I didn’t have a chance to ask Dr. Pimentel if he was working on a test for IBS-C, but I sure hope it’s on his “to-do” list.
Gluten in Restaurant Food
Many of my clients with celiac disease tell me that they’re skeptical about the gluten-free options available in some of the restaurants they frequent. Unfortunately, their suspicions are more than justified, according to Dr. Benjamin Lerner and his colleagues at Columbia University.
Dr. Lerner, who presented their research at the ACG meeting, said that of the 4,732 “gluten-free” restaurant foods they evaluated, one-third contained potentially dangerous amounts of the molecule. Pizza, pasta, and foods served later in the day were the biggest offenders, while breakfast foods were the least likely to be contaminated.
Foods from western states fared better than those from northeastern states (weird, huh?), and fast casual restaurants did better than casual and quick service types.
I have to admit that I wasn’t particularly surprised by these findings, but I stuck with the presentation because I was interested in learning more about how the “crowd-sourced data” was collected.
Turns out, it came from 804 people who each used a specific portable gluten sensor to test foods purchased at restaurants across the United States. In other words, researchers affiliated with Columbia’s University’s esteemed Celiac Center were taking seriously one of those devices I’d dismissed out of hand as a gimmick!
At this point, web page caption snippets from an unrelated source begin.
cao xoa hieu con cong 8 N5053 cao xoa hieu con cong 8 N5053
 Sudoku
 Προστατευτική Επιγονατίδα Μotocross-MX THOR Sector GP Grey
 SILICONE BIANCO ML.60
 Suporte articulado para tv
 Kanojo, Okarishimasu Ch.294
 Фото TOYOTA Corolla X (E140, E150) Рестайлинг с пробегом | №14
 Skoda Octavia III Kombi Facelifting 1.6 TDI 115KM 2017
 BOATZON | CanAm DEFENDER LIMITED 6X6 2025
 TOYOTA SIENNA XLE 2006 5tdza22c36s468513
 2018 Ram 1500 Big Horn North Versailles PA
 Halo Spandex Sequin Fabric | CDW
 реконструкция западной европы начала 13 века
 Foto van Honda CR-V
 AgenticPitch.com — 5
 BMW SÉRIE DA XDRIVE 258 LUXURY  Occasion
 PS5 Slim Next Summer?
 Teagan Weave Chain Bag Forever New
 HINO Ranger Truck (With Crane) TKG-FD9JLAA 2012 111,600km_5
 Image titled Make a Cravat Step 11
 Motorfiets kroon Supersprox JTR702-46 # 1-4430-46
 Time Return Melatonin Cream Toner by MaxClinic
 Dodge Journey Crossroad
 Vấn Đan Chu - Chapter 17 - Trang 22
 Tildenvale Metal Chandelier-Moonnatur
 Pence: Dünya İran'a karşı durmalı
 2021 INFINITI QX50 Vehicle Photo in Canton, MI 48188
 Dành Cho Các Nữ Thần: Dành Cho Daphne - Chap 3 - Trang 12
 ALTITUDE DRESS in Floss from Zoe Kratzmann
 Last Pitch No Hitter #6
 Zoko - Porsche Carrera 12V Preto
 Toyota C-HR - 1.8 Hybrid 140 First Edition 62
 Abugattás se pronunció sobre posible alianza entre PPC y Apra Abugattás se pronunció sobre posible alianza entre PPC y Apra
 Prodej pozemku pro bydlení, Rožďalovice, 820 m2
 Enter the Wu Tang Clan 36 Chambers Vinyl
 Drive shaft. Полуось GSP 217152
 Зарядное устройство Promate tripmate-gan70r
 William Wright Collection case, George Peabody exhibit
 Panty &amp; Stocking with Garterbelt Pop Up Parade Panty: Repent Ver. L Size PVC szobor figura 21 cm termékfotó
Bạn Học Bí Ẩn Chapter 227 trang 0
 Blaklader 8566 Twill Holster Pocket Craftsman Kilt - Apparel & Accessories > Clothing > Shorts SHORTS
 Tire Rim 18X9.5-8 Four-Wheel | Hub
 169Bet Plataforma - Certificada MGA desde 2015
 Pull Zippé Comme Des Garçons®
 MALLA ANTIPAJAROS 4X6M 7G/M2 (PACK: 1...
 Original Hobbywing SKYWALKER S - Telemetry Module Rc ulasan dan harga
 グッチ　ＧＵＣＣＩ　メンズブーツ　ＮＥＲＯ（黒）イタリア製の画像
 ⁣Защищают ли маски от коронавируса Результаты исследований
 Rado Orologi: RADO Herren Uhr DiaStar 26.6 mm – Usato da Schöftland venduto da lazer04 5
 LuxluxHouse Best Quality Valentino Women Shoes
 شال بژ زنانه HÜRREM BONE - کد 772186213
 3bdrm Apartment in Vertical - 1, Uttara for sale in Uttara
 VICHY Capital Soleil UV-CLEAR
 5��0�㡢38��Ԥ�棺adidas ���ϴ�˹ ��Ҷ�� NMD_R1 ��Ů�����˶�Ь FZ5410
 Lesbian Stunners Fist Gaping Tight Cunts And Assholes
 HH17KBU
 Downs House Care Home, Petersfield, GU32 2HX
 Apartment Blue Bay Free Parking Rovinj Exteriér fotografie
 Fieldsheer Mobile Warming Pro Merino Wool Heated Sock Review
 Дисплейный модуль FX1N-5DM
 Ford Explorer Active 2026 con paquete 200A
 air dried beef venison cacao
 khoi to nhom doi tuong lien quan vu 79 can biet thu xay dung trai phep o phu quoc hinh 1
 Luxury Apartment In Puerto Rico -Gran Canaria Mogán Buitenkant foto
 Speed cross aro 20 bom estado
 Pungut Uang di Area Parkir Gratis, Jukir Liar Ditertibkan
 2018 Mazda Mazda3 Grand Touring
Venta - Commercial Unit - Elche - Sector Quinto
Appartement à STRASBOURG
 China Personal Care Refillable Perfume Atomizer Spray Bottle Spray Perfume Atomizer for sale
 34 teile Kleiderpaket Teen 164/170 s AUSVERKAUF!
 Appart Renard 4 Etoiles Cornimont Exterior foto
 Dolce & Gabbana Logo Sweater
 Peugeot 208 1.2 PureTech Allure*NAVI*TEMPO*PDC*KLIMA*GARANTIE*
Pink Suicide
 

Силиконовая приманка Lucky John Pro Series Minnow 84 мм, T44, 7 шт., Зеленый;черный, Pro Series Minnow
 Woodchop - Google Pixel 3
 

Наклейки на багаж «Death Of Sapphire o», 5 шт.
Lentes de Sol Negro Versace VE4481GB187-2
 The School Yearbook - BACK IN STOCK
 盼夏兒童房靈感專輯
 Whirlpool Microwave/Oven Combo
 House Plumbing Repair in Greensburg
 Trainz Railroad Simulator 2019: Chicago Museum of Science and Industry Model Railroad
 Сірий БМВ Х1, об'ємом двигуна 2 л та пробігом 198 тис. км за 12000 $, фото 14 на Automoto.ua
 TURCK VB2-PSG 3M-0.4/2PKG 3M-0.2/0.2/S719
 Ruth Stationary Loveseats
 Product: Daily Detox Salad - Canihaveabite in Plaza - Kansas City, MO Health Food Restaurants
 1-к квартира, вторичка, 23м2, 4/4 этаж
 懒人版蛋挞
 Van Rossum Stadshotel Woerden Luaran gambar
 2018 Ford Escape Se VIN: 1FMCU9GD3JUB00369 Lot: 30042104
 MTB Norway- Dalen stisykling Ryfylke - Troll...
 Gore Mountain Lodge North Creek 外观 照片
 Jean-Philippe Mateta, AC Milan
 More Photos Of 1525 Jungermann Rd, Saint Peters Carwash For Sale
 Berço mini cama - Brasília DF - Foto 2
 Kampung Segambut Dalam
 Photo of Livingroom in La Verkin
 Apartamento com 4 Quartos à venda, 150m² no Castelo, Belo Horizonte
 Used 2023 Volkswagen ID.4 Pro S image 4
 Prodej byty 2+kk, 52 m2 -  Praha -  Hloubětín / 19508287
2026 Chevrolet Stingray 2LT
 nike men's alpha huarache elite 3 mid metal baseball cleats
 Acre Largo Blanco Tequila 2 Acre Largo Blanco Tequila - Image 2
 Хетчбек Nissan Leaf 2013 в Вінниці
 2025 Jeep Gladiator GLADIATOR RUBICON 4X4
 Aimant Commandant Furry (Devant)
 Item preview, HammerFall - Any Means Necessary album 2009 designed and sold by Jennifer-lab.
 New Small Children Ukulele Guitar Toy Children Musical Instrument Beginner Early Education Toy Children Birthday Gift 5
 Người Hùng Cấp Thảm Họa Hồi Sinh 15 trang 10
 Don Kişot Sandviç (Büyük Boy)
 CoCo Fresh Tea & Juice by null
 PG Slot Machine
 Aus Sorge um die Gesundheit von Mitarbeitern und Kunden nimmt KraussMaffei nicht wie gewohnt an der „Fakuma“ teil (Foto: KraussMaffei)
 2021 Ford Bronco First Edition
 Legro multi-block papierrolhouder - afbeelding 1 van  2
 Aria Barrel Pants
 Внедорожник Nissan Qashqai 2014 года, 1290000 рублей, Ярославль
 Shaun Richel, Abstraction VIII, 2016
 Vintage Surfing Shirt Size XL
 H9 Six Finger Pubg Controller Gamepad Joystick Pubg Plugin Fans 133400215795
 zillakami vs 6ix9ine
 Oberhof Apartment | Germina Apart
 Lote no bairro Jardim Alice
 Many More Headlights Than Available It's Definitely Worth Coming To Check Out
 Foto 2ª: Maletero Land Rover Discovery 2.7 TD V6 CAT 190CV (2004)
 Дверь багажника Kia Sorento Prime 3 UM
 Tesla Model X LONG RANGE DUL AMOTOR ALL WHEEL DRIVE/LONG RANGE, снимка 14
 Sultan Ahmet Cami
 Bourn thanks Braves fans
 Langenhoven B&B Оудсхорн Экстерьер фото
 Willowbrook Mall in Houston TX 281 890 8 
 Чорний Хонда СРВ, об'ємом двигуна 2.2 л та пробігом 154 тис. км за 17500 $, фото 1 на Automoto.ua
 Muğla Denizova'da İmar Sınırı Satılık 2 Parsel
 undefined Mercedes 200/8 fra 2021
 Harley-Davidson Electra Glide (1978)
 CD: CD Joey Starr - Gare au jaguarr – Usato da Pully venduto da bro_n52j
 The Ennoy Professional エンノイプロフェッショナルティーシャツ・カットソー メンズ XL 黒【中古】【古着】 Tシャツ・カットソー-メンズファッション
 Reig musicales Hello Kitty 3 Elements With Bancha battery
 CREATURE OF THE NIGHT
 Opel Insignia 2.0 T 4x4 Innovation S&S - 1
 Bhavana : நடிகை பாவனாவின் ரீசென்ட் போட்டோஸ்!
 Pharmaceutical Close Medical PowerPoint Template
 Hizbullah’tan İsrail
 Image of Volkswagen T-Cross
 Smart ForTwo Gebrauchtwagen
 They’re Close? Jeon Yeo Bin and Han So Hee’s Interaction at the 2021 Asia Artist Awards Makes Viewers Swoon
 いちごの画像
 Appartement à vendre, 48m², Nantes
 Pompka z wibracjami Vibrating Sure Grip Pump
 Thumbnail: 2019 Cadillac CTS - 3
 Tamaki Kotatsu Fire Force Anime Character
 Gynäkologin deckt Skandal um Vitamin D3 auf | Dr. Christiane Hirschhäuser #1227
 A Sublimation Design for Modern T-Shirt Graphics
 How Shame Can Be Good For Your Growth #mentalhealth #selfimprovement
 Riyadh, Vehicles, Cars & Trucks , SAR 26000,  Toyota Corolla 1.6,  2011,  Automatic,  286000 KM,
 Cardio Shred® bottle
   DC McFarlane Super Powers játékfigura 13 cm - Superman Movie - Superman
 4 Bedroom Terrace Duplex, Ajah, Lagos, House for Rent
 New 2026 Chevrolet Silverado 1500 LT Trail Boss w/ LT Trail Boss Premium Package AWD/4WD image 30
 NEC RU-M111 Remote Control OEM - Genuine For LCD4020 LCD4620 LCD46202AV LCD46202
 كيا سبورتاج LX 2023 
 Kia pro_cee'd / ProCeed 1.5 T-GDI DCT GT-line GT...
When I got home, I opened up the website for Nima, the machine used by the participants in the study. Here’s what I found:
- Nima’s test capsules only accept samples that are approximately pea-sized, which means that if you test only one part of a dish or product you may miss gluten elsewhere. Considering the cost of each capsule—five to six dollars, depending on your choice of delivery method—this can get pretty expensive pretty quickly.
- Most solids and liquids can be tested, with the exception of fermented foods, alcohol, pure xanthan and guar gums, and the meal replacement product, Soylent (who thought to test this?!).
- The manufacturers of Nima claim that it’s approximately 97 percent accurate at detecting gluten at levels of 20 ppm and above (20 ppm is the FDA’s cut-off for use of the gluten-free label).
- Results are generated in about three minutes and are either positive or negative. This is fine for people with celiac disease, who must avoid even tiny amounts of the protein, but quantification would be helpful for people with non-celiac gluten sensitivity, who may be able to tolerate levels greater than 20 ppm.
Since I have not had first-hand experience with Nima, I’d like to invite FODMAP Everyday® readers to let us know about their experience with this device or other gluten sensors.
Have you tested their accuracy on foods that you know contain gluten?
If you’ve used them in restaurants, have you shared the results with management (the Columbia researchers did not)?
I’m very curious, and I bet your fellow readers are as well.